[Work required] The response must be the exact lines from the one that contains "Red House Near" through the end of the material, with no pictures and no additional lines.

[Data provided]
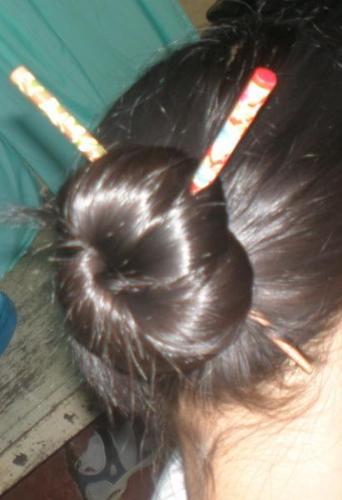 chopstick - when its hot, i do my hair like this...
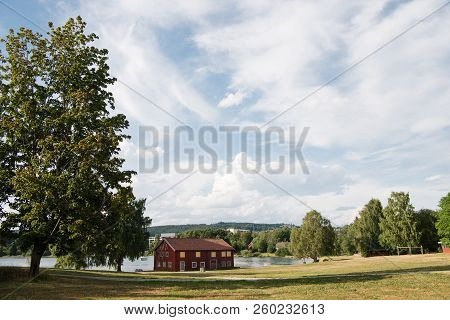Red House Near Lake Under Cloudy Sky, Hamar, Hedmark, Norway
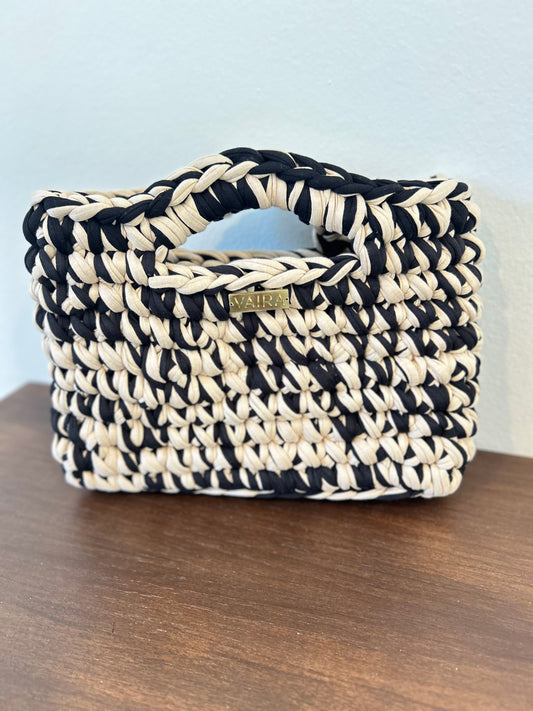 Handmade crochet women's bag in vibrant pop colors, crafted from eco-friendly yarn. Stylish and modern, perfect for casual denim looks.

[Finished task]
Red House Near Lake Under Cloudy Sky, Hamar, Hedmark, Norway
 Handmade crochet women's bag in vibrant pop colors, crafted from eco-friendly yarn. Stylish and modern, perfect for casual denim looks.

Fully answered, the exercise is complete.